Para los españoles que fecundaron con sus tradiciones la cultura americana, la fiesta del solsticio de junio o del verano, no es sólo pasarse la noche en vela celebrando la vida, sino
bañarse en el sol que se levanta del mar. Ahí es donde el rito alcanza su
plenitud.
Uno de los fundamentos del valor de
muchos nombres, no es el propio nombre, ni siquiera lo que éste representa,
sino las fiestas que en torno a él se celebran. Y cuanto mayores son éstas,
tanto mayor es el nombre; de manera que bien podemos decir que las fiestas son
fuente principalísima de nombradía.
No fue san Juan el origen de su
fiesta (grande entre las grandes, con vigilia), sino que existiendo ya
la fiesta y no siendo posible extirparla,
porque a ella iban vinculados ritos entrañables, se optó por cambiarle el
nombre, el titular.
Así, lo que fueron siempre las
fiestas del Sol (su última personificación, Apolo), pasaron a convertirse en
las fiestas de san Juan. De la natividad de san Juan. Porque siendo una fiesta
de vida (así se han conceptuado siempre los dos solsticios), no podía
conmemorarse en ella la muerte de un santo, como es norma. Así pues, san Juan
es la "Navidad" del verano en el hemisferio norte. No fue la relevancia del personaje histórico, análoga
a la de tantos otros, e incluso por debajo de algunos, lo que disparó el
prestigio de este santo y de su nombre, sino la fiesta que a él se aparejó.
Hay que hacer notar también que,
teniendo el cristianismo su gran personalidad sagrada femenina, la Madre de Dios
no fue la elegida para presidir el solsticio de verano (ocupado el de invierno
por su hijo, el Hombre-Dios); porque el Sol es, en la cultura de la que
provenimos, una divinidad masculina.
Entre los motivos que indujeron a la cristiandad a asignar a
Juan el Bautista la titularidad de una de las dos fiestas del año vividas por
el pueblo como las más grandes, ciertamente está el dato cronológico que aporta el Nuevo Testamento, establecido el festejo del nacimiento de Jesús en un solsticio (diciembre), a los seis meses correspondía fijar el nacimiento de Juan (Cfr. Lucas 1, 26), en el otro solsticio (junio).
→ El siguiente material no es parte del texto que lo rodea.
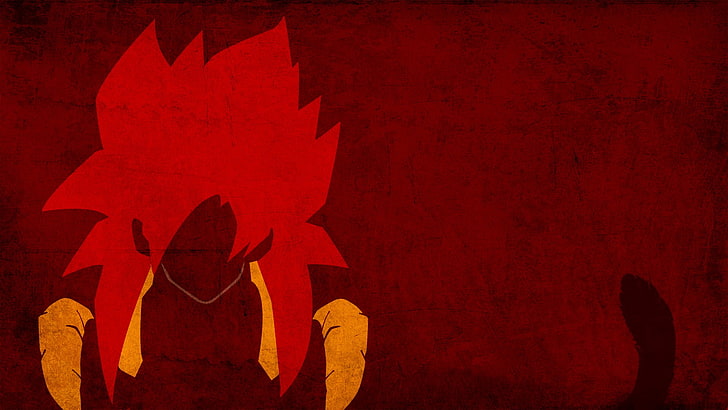 Dragon Ball GT Goku wallpaper, Super Saiyan, red, art and craft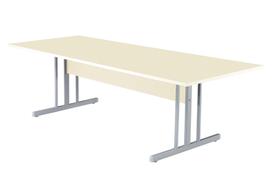 Mesa Retangular 2700mm Ovo/cinza Mdf 15mm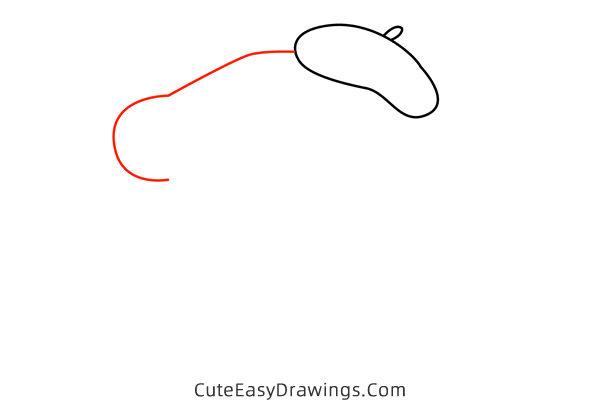 how to draw pompompurin from hello kitty - www.cuteeasydrawings.com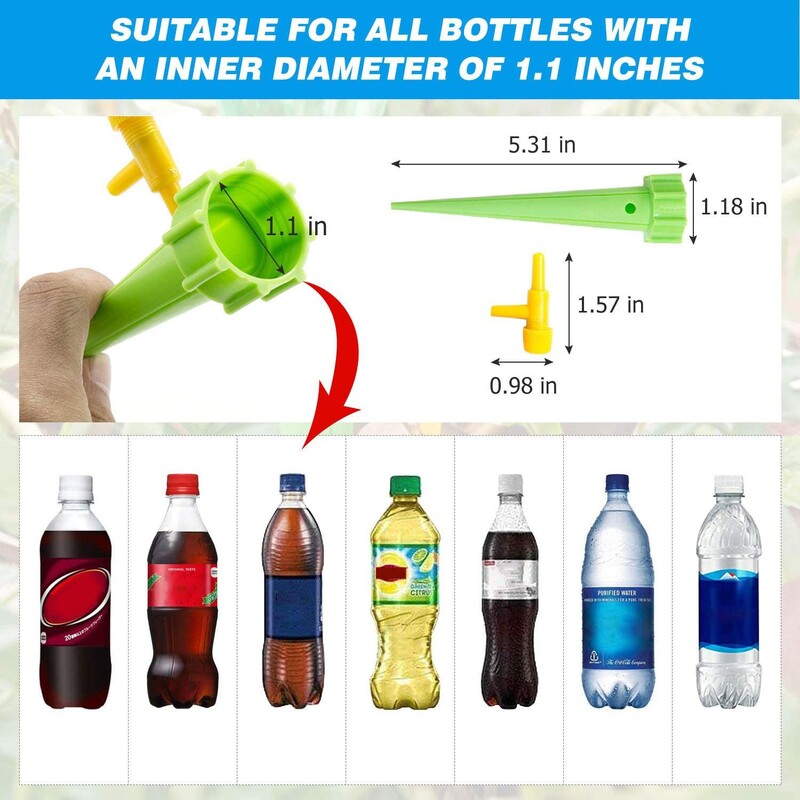 Savaiminio laistymo rinkiniai Automatiniai laistymo įrenginiai Lašelinis laistymas Kambarinis augalų laistymo įrenginys Augalų sodo prietaisai Kūrybiniai laistymo įrankiai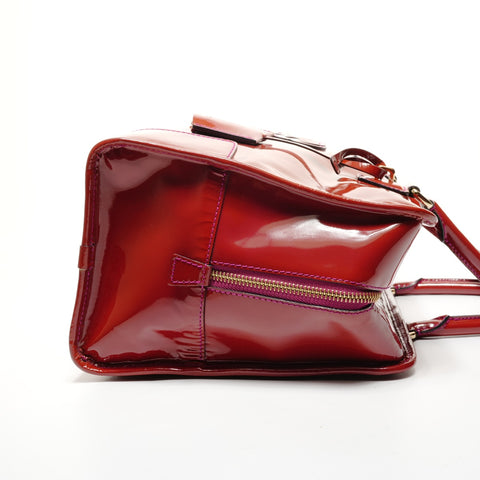LOEWE Amazona 36 Anagram Handbag Red WS27425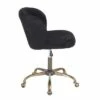 Fran Contemporary Task Chair - LumiSource Blue Velvet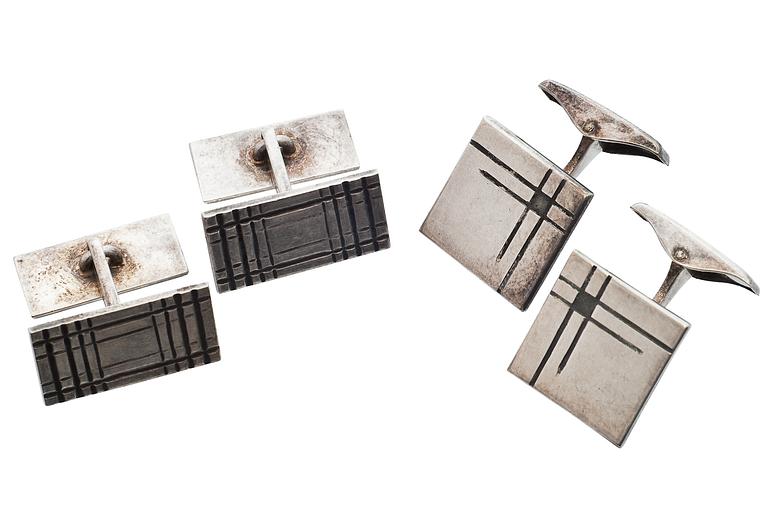 Elis Kauppi, 2 PAR MANSCHETTKNAPPAR.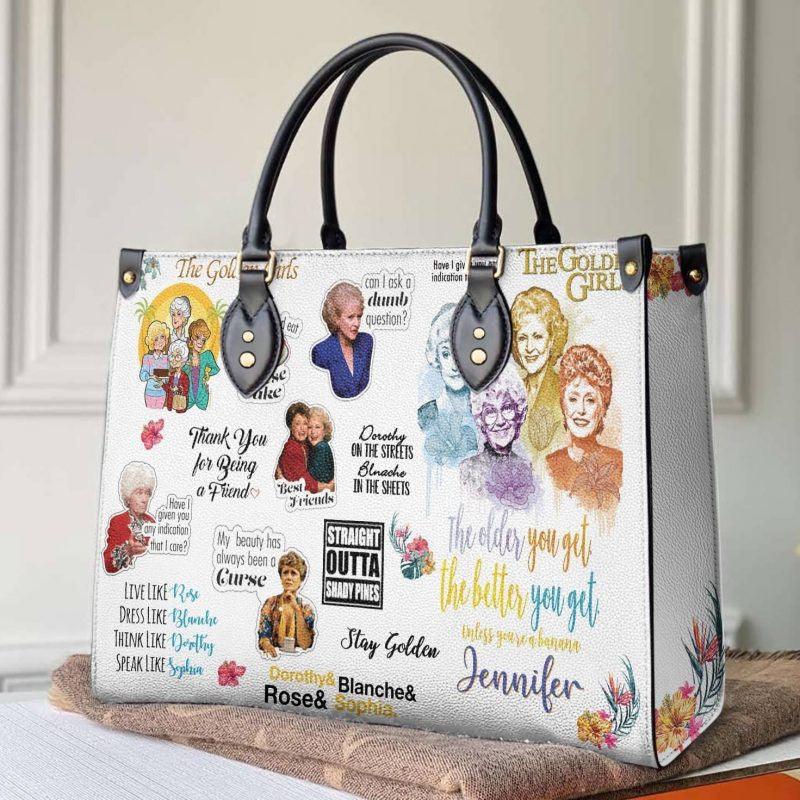 Personalized The Golden Girl Vegan Leather Handbag - Image 2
Fue quizá su carácter de símbolo de lo
precristiano, de lo selvático, primitivo y anterior a la nueva fe pero en
armonía con ella, porque se trató de renombrar una fiesta pagana. El caso es
que fue el Bautista el nuevo titular de la gran fiesta solar, y con el
esplendor de ésta, que se completó con el de la liturgia, creció el nombre de
Juan hasta límites insospechados.
POPULARIDAD DE LOS JUANES
En la Iglesia el nombre Juan abundó hasta el
extremo de que alcanzó este nombre el más alto ordinal entre los papas (el
XXIII; este último por partida doble); a la hora de nacer la leyenda de una
papisa, se llama precisamente Juana. Y si nos remitimos al santoral, pasan de
100 los que llevando este nombre merecieron el honor de los altares, incluidas
algunas Juanas (las más célebres, Juana de Arco, Juana de Orvieto, Juana de
Portugal, Juana Francisca Frémyot de Chantal).
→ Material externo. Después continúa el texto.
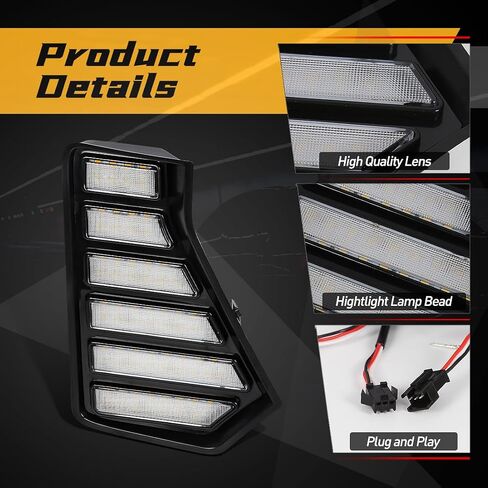 LED Daytime Running Lights For Toyota Tacoma 2024 2025 LED Driving Fog Light Kit with Amber Turn Signal Light in Saudi Arabia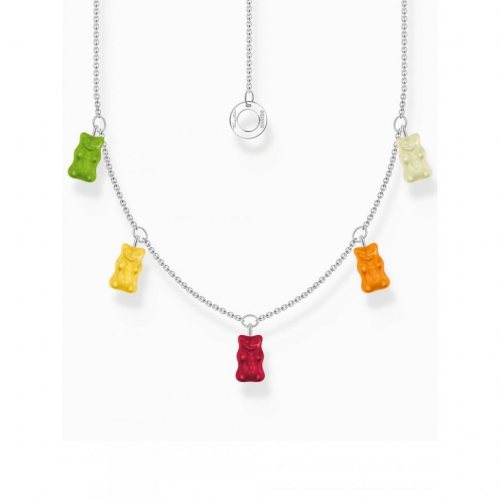 Thomas Sabo KE2205-017-7-L45V Silver chain w. 5 colourful Goldbears 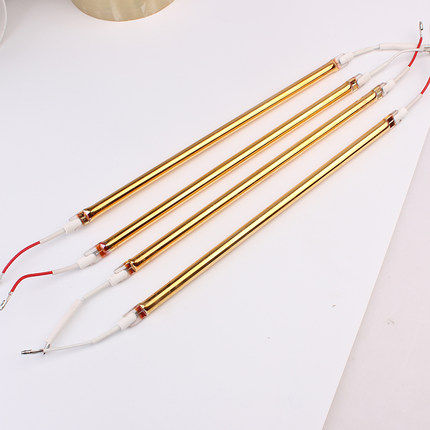 Integrated ceiling bath heating pipe Heating pipe Waterproof carbon fiber gold pipe line connected straight tube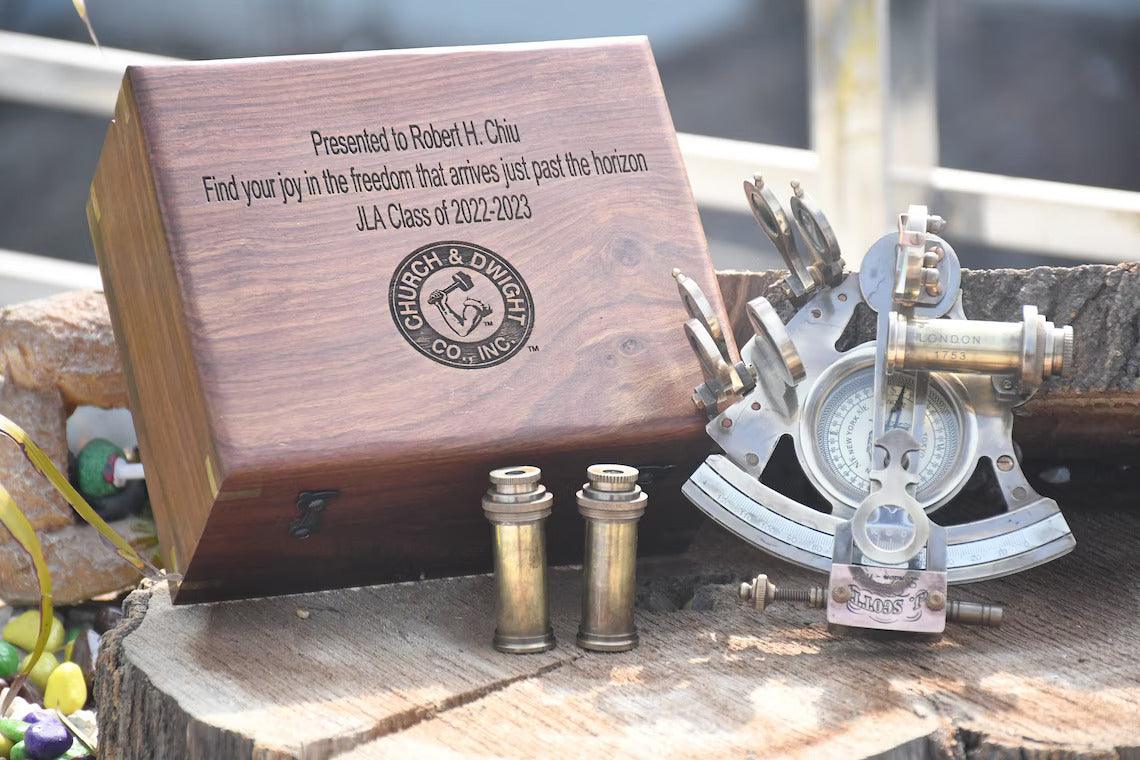 Personalized Compass With Sextant - TheGivenGet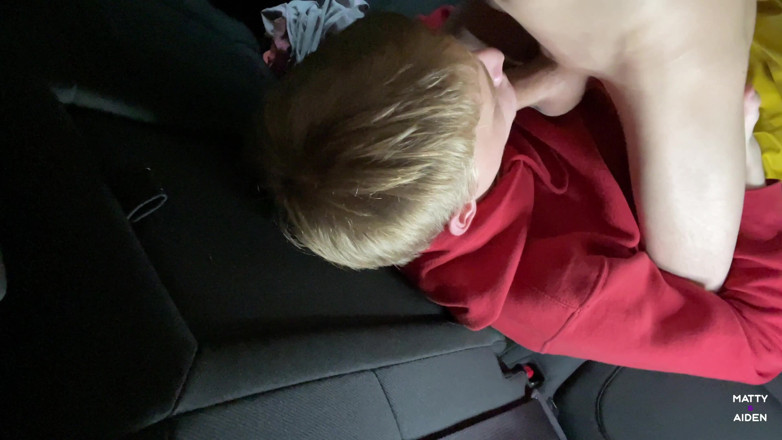 Matty And Aiden: Young gay Aiden sucks his bf Matty big cock in...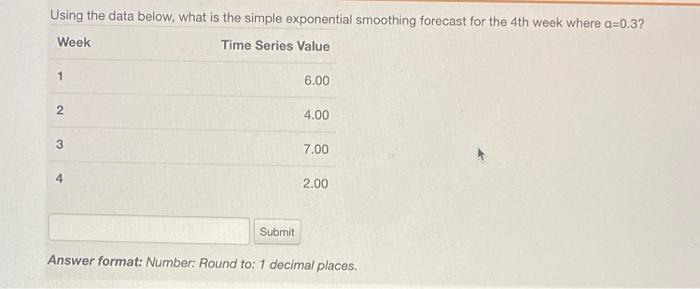 SHOW WORK PLEASE! EXCEL OR HANDWRITTEN Using the data below, what is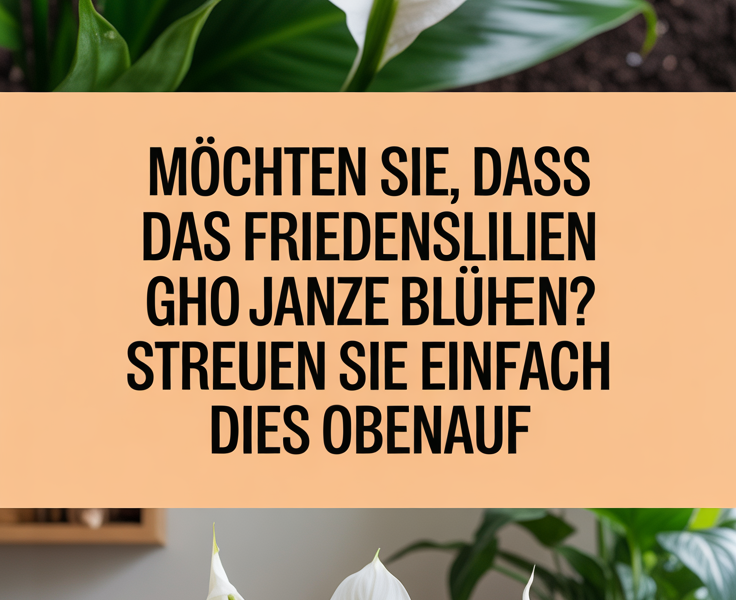 Möchten Sie, dass Friedenslilien das ganze Jahr blühen? Streuen Sie einfach dies obenauf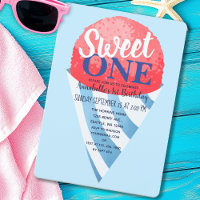 Sweet One Snow Cone Enfants Premier anniversaire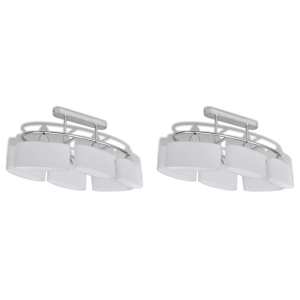 vidaXL ellipsikujuline laelamp klaasist kuplitega 2 tk, E14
Y si vamos a los reyes y reinas y
príncipes, su listado es interminable, tanto en oriente como en occidente. Y si
atendemos al estado llano, basta recordar la expresión "Pedro, Juan y Diego", equivalente a "quien sea", "uno
cualquiera", "no importa quién", para entender que estos nombres se llevaron la palma de la popularidad.
Y si miramos finalmente a la
geografía, el nombre de San Juan aparece repetido centenares de veces en todo
el mundo, ciudades, provincias, montes y ríos como el nuestro, cercano a Fuerte Bulnes. Es el prestigio que arrastra un nombre ya infinito, que por si fuera
poco lleva aparejada la mayor de las fiestas, con lo que queda vinculado el
lugar a esas tradiciones en que se mezclan los ancestros, el santo y las
historias y costumbres propias.
He ahí, pues, un nombre que se ha hecho grande
gracias a sus fiestas. Porque allí donde no se ha ahogado la tradición, San
Juan es, antes que cualquier otra cosa, la gran fiesta de nuestro invierno.